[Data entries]
-------------------------

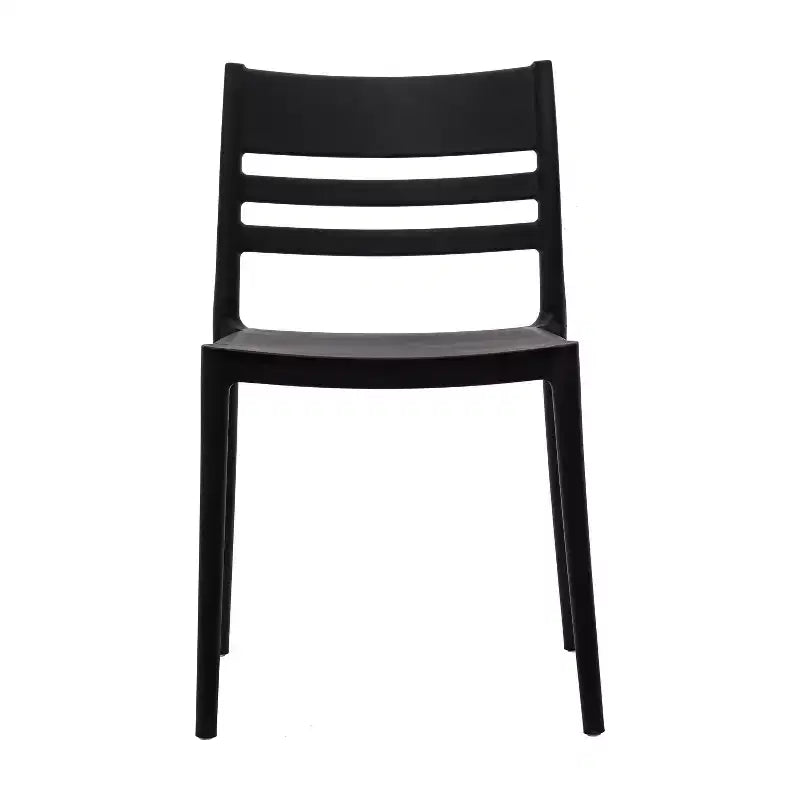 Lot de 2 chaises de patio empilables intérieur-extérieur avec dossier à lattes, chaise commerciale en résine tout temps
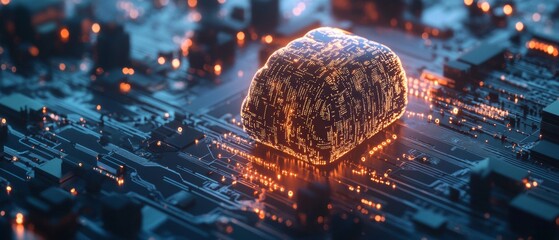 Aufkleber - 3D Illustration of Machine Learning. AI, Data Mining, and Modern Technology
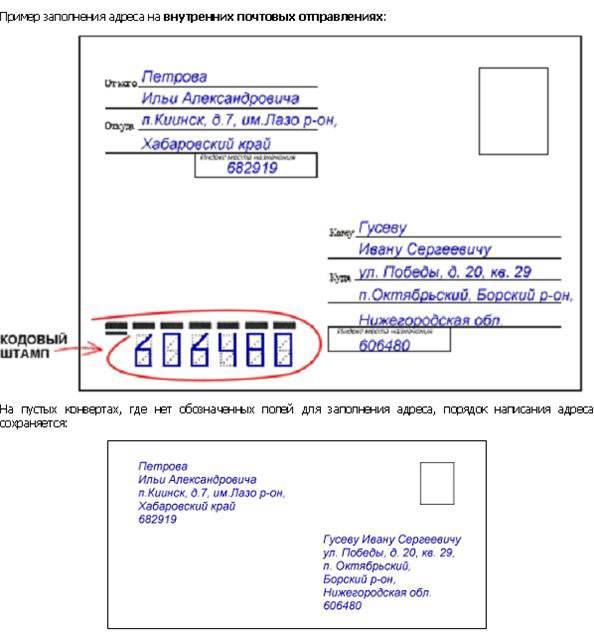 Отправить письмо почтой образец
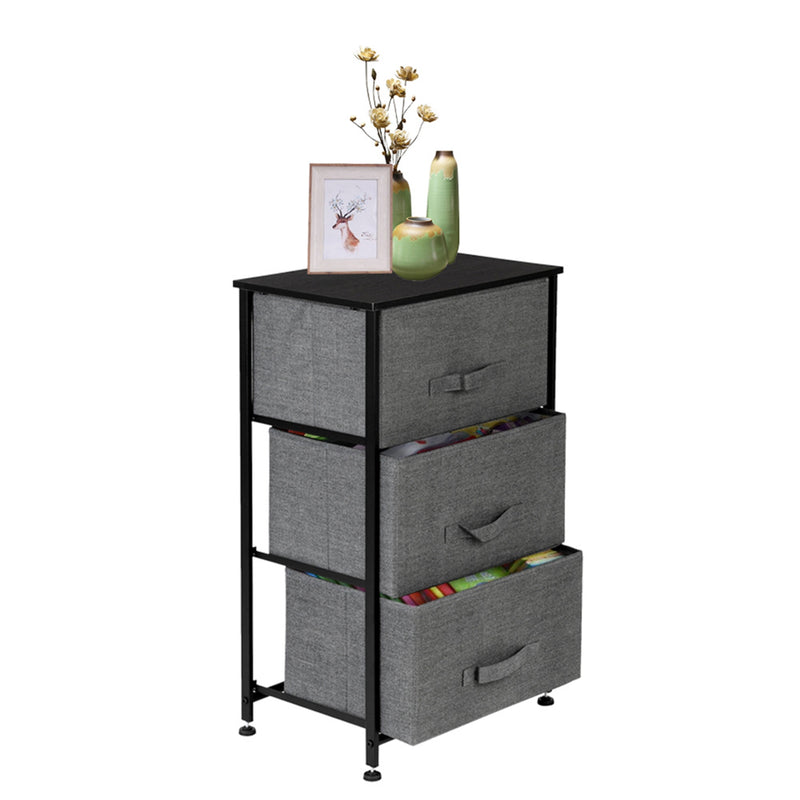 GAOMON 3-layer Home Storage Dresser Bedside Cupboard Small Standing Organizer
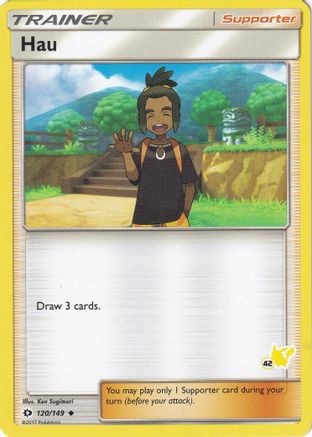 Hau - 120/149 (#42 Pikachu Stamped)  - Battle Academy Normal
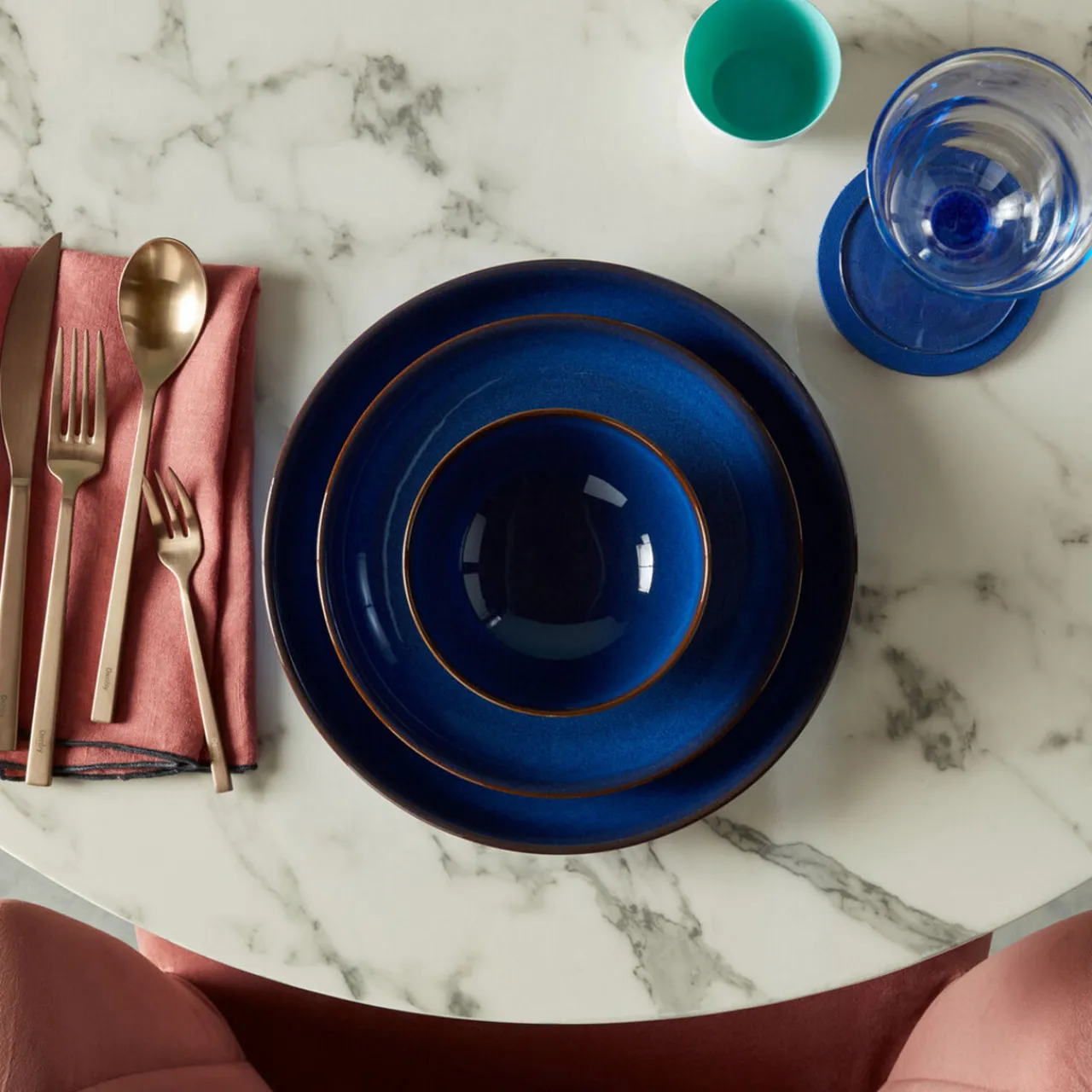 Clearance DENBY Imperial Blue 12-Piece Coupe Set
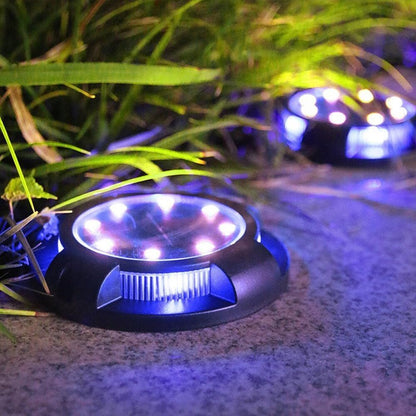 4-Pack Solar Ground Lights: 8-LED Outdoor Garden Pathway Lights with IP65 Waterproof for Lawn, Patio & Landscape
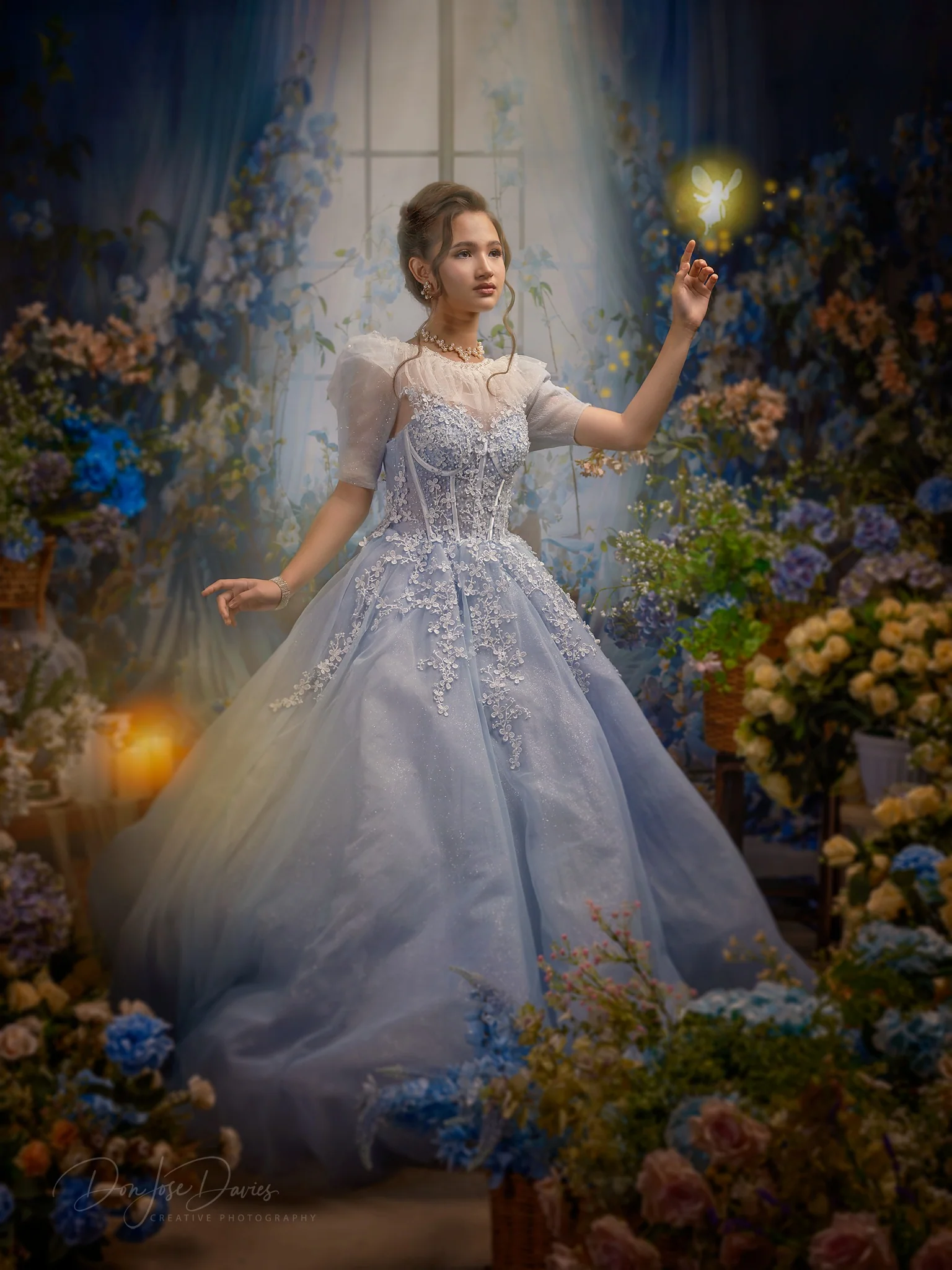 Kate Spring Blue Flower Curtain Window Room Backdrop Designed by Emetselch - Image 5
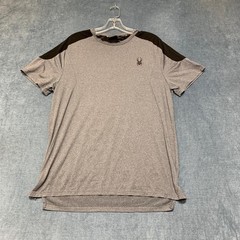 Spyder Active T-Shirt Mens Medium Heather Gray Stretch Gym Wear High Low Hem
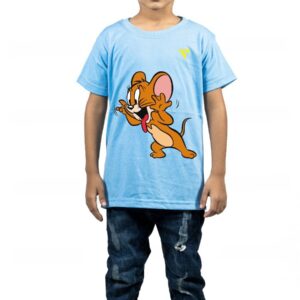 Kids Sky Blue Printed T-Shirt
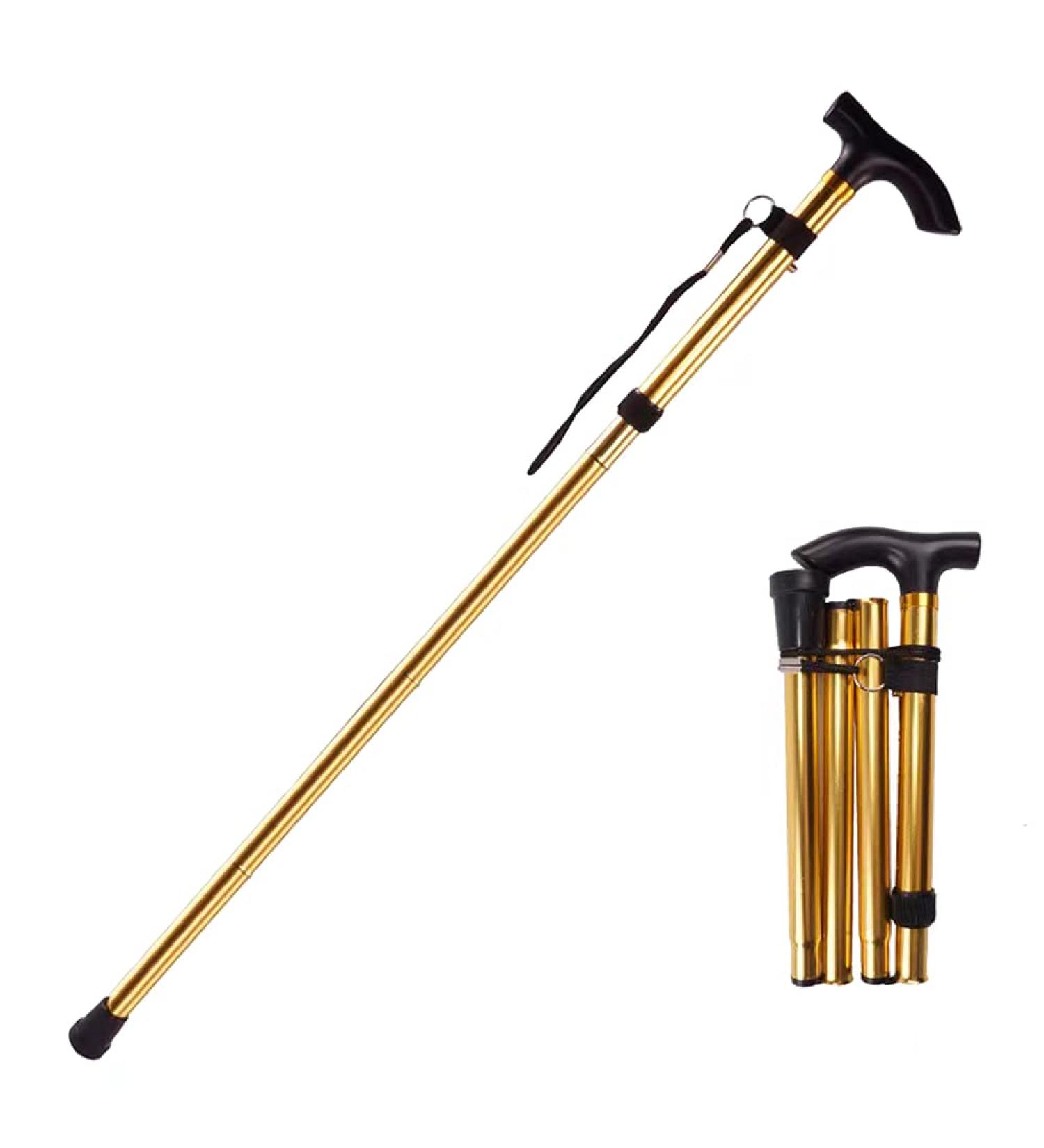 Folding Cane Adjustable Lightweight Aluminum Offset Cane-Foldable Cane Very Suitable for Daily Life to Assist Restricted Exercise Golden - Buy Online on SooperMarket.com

-------------------------

The expected output is each record, copied exactly, and nothing in place of the pictures.

 Lot de 2 chaises de patio empilables intérieur-extérieur avec dossier à lattes, chaise commerciale en résine tout temps
 Aufkleber - 3D Illustration of Machine Learning. AI, Data Mining, and Modern Technology
 Отправить письмо почтой образец
 GAOMON 3-layer Home Storage Dresser Bedside Cupboard Small Standing Organizer
 Hau - 120/149 (#42 Pikachu Stamped)  - Battle Academy Normal
 Clearance DENBY Imperial Blue 12-Piece Coupe Set
 4-Pack Solar Ground Lights: 8-LED Outdoor Garden Pathway Lights with IP65 Waterproof for Lawn, Patio & Landscape
 Kate Spring Blue Flower Curtain Window Room Backdrop Designed by Emetselch - Image 5
 Spyder Active T-Shirt Mens Medium Heather Gray Stretch Gym Wear High Low Hem
 Kids Sky Blue Printed T-Shirt
 Folding Cane Adjustable Lightweight Aluminum Offset Cane-Foldable Cane Very Suitable for Daily Life to Assist Restricted Exercise Golden - Buy Online on SooperMarket.com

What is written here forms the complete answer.